Today, Parallel and Distributed File Systems (PFS/DFS) such as Lustre and HDFS have gained extensive usage in data-intensive applications due to their provision of high I/O bandwidth. However, these systems rely on centralized shared metadata servers (MDS) to handle metadata requests, leading to potential performance degradation, especially when managing small files. This is commonly witnessed in the context of deep learning applications where the dataset comprises a large volume of small training files. To address this challenge, we design and implement Pre-Expedite, a solution that employs a specially designed Hierarchical Structure Space (HSS) to mitigate the file access load on the MDS. The HSS, functioning as a lightweight file system, aggregates numerous files by storing them in the memory of compute nodes, as well as remote data servers, hence responding to metadata requests locally without necessitating MDS involvement. The POSIX is used to create a fixed-size HSS for storing files on a large scale. To forestall access conflicts on HSS, we have also incorporated client-side access coordination mechanisms on the compute nodes. We evaluated the performance of Pre-Expedite through benchmarks and real-world workloads and found significant improvements. Specifically, Pre-Expedite improved throughput for reading small files by up to 17X and enhanced the performance of various data-intensive, especially including deep learning applications by 1.25-3.5X.
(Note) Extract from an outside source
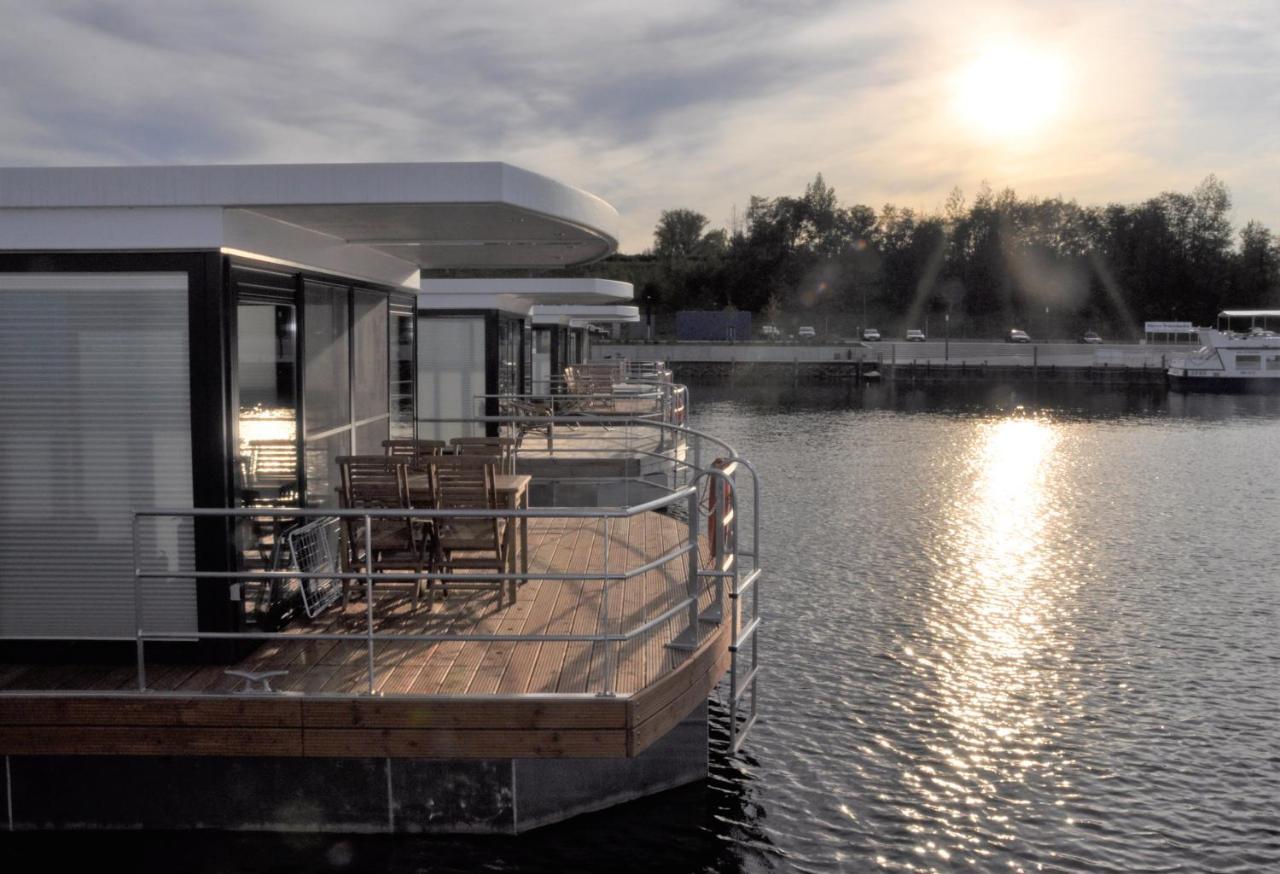 Holiday home Hausboote Marina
- Please ensure your machine is 64-bit machine
- Please install libconfuse [https://github.com/libconfuse/libconfuse] first
- Please ensure you have install gcc/make/xfsprogs before using Pre-Expedite. If you use a Ubuntu machine you can use following command:
apt-get install gcc ubuntu-make xfsprogs
git clone https://github.com/zzz0906/Pre-Expedite
make
cd bin/
sudo ./Pre-Expedite ZHOU 1 1000 1000
First after you make Pre-Expedite. You can move Pre-Expedite to the /usr/bin dirctory to let you use Pre-Expedite everywhere.
If you want to use Pre-Expedite in DFS. Please ensure you have root permission. If you do not have root permission, please ask administrator.
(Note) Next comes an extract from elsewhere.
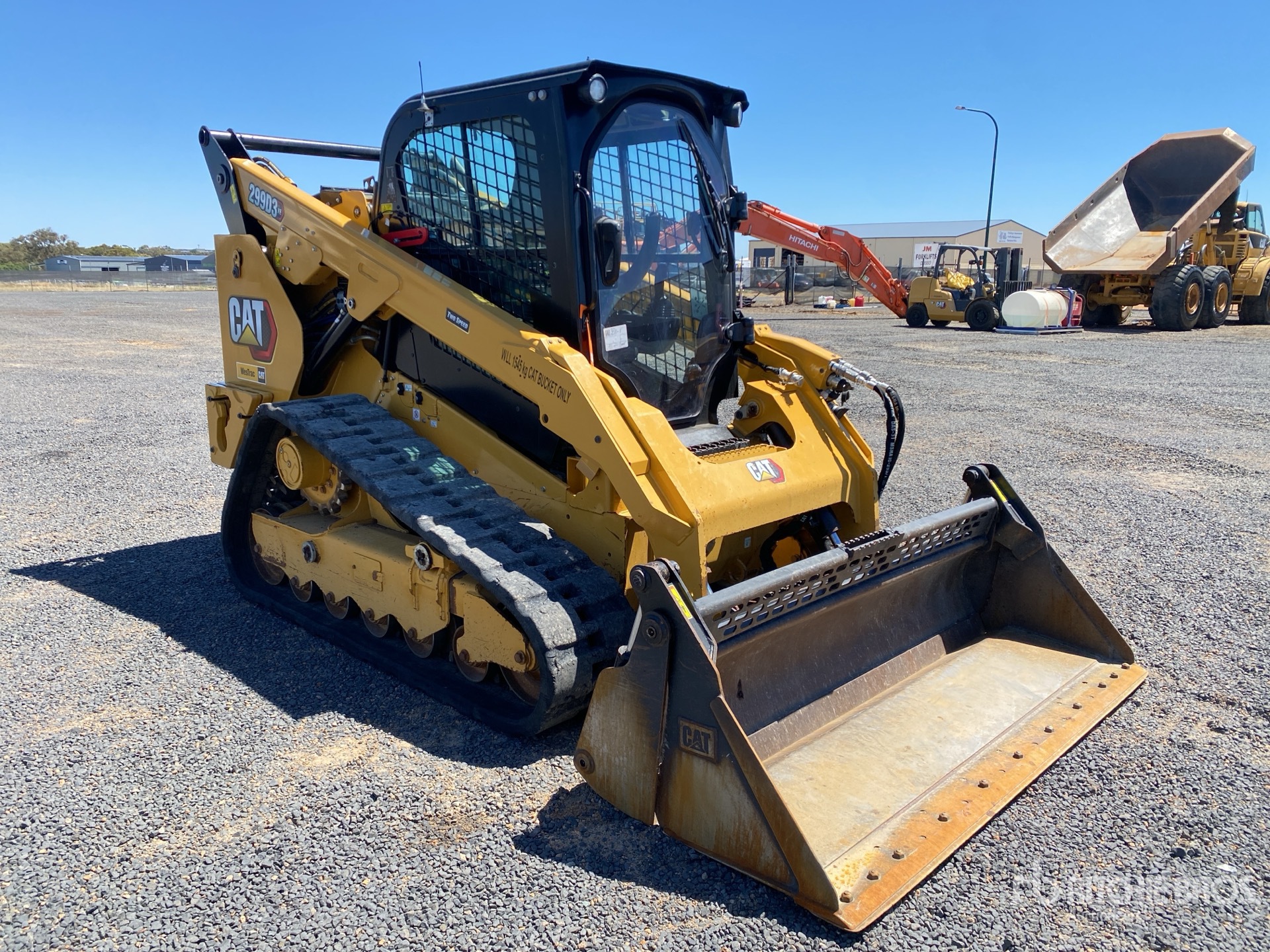 General Appearance with Bild, Ecke vorne rechts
Pre-Expedite [Hierarchical Structure Space You want to Name] [Size GB] [UID for HSS] [GID for HSS]
Pre-Expedite ZHOU 10 1000 1000
Through this command, you will creat ZHOU in the HSS directory and you can put your data in HSS-SHARE-DIR (<10G in this example) for your AI/BIG DATA process to read. You will find that the 'read' will be Expedited UP!
If you want to change the HSS-SHARE-DIR name or HSS name please modify the
static char *NFS_SERVER_SHARE_DIR = "HSS-SHARE-DIR/";
static char *NFS_BLOCK_DEFAULT_DIR = "HSS/";
in PRE-Expedite.c
Pre-Expedite still have not made the Pre-Expedite open-source application. It only support stand-alone version currently.